▶ Given information:
+---+
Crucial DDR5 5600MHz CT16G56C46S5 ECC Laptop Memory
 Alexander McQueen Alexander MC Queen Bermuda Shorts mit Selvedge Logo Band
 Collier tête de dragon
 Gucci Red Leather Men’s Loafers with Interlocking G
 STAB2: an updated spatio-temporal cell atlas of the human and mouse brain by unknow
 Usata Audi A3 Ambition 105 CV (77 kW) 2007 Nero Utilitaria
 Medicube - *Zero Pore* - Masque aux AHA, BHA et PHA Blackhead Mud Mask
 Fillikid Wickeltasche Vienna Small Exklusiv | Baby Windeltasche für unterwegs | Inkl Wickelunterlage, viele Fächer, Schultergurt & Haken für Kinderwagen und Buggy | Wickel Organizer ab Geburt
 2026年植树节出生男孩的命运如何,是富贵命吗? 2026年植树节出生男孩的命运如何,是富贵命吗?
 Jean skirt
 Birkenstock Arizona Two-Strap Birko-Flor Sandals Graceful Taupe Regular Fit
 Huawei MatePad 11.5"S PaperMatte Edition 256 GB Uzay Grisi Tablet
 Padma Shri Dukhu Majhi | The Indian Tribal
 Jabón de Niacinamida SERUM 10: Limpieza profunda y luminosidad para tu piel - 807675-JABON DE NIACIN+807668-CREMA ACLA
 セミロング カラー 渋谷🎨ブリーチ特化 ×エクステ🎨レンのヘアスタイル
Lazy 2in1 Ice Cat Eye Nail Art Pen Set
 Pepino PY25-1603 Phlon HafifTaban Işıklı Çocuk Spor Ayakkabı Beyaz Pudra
+---+
▶ Your assignment: Begin with the top line of the material and go as far as the line with "Medicube - *Zero". Set down those lines exactly, both ends included, and nothing more.

▶ Result of this exercise:
Crucial DDR5 5600MHz CT16G56C46S5 ECC Laptop Memory
 Alexander McQueen Alexander MC Queen Bermuda Shorts mit Selvedge Logo Band
 Collier tête de dragon
 Gucci Red Leather Men’s Loafers with Interlocking G
 STAB2: an updated spatio-temporal cell atlas of the human and mouse brain by unknow
 Usata Audi A3 Ambition 105 CV (77 kW) 2007 Nero Utilitaria
 Medicube - *Zero Pore* - Masque aux AHA, BHA et PHA Blackhead Mud Mask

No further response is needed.